== Your objective ==
The task calls for the lines below from the line with "For iPhone 11" to the line with "bride and groom with bridal bouquet", both ends included, copied exactly, without any pictures.

== Input records ==
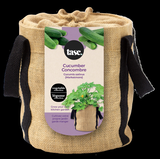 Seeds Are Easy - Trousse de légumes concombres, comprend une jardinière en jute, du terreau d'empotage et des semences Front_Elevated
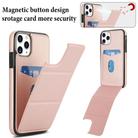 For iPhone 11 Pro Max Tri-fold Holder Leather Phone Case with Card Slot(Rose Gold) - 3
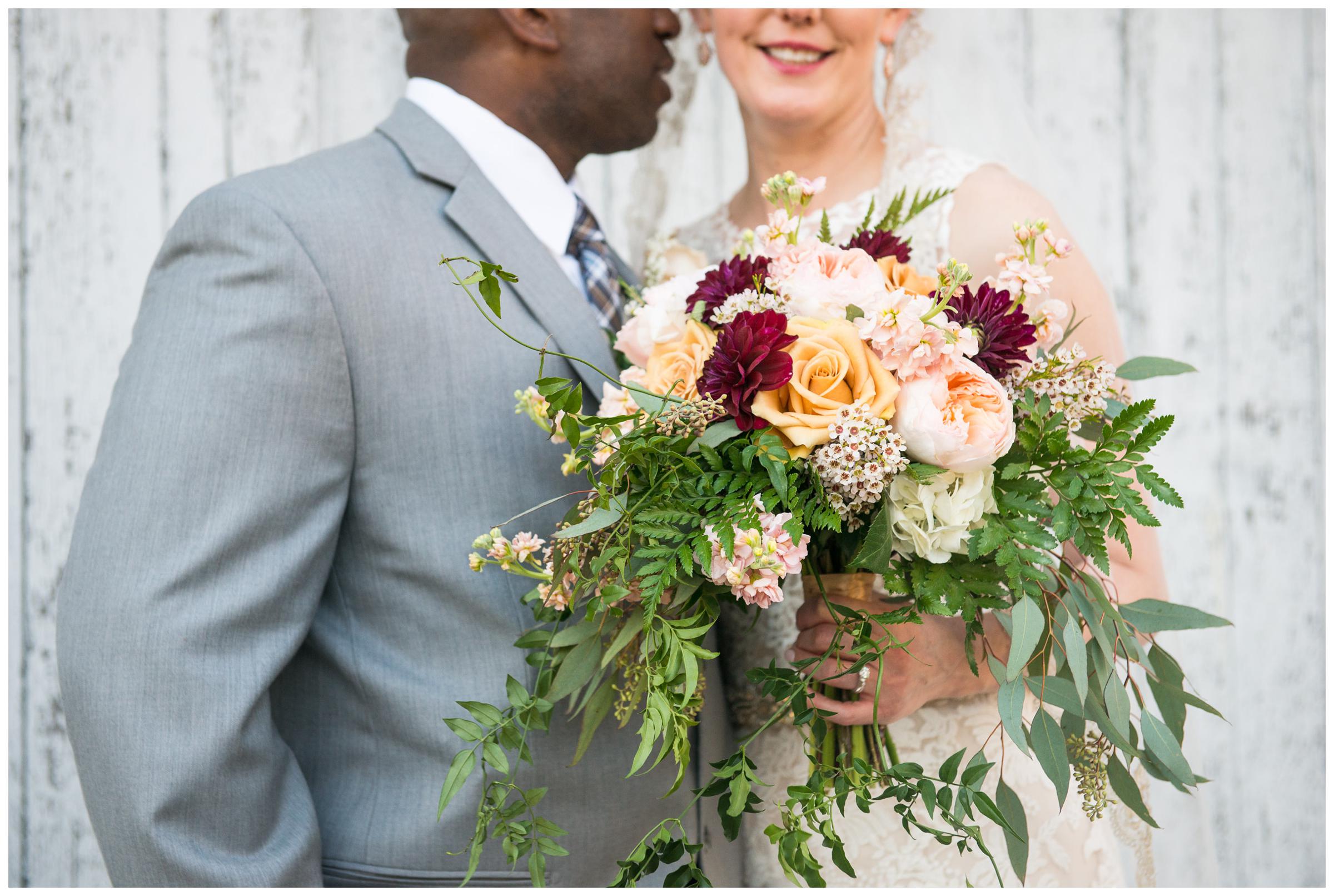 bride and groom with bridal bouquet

==

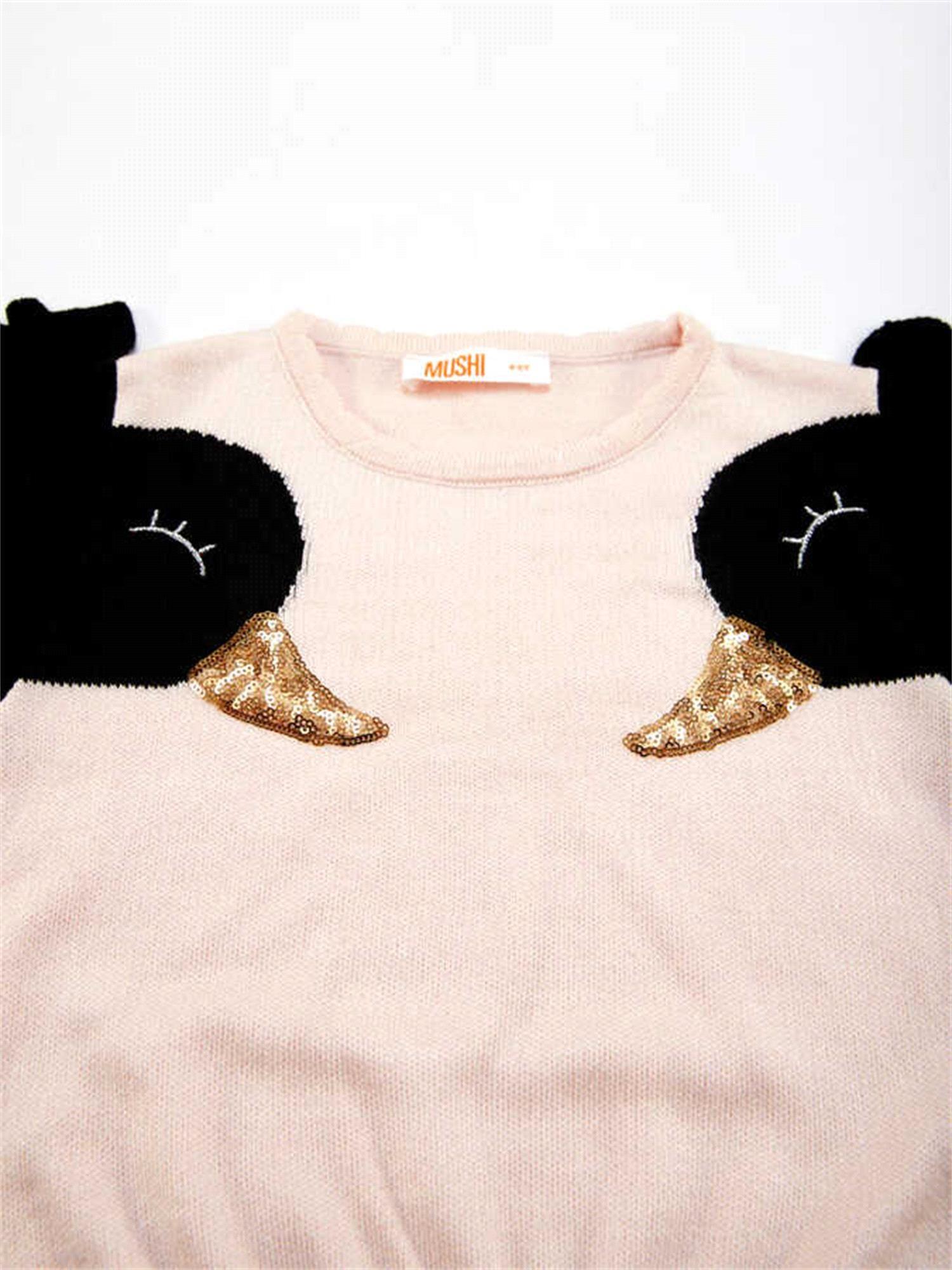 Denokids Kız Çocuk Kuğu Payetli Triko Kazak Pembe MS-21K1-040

== Solution ==
 For iPhone 11 Pro Max Tri-fold Holder Leather Phone Case with Card Slot(Rose Gold) - 3
 bride and groom with bridal bouquet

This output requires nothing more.